Dans ces conditions, il apparaît inévitable d'ordonner le rabat de l'ordonnance de clôture et la réouverture des débats aux fins, au visa des articles 122, 444 et suivants du code de procédure civile et de l'article 16 du code de procédure civile, d'inviter les parties à présenter leurs observations sur le droit applicable d'une part, et d'inviter l'association Unedic délégation AGS CGEA Ile de France Ouest à conclure sur la garantie des créances éventuelles du salarié à l'égard de la société de droit luxembourgeois placée en faillite d'autre part.

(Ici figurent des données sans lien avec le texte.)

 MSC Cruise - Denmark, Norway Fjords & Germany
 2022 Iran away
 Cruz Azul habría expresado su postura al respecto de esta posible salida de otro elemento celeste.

L'ensemble des prétentions au principal et des demandes accessoires est donc réservé.
PAR CES MOTIFS
La Cour,
Statuant publiquement par arrêt contradictoire avant dire droit après en avoir délibéré conformément à la loi ;
ORDONNE le rabat de l'ordonnance de clôture et la réouverture des débats ;
INVITE les parties à présenter leurs observations sur le droit applicable ;
INVITE l'association Unedic délégation AGS CGEA Ile de France Ouest à conclure sur la garantie des créances éventuelles du salarié à l'égard de la société de droit luxembourgeois placée en faillite ;
RESERVE l'ensemble des prétentions au principal et accessoire ;
RENVOIE l'affaire à l'audience des plaidoiries du 13 décembre 2023 ;
DIT que les parties communiqueront leurs conclusions avant le 13 novembre 2023;
DIT que la clôture sera prononcée à la date du 30 novembre 2023 ;
Prononcé publiquement par mise à disposition de l'arrêt au greffe de la Cour, les parties ayant été préalablement avisées dans les conditions prévues au deuxième alinéa de l'article 450 du code de procédure civile.
Signé par M. Frédéric BLANC, Conseiller faisant fonction de Président de section, et par Mme Carole COLAS, Greffière à laquelle la minute de la décision a été remise par le magistrat signataire.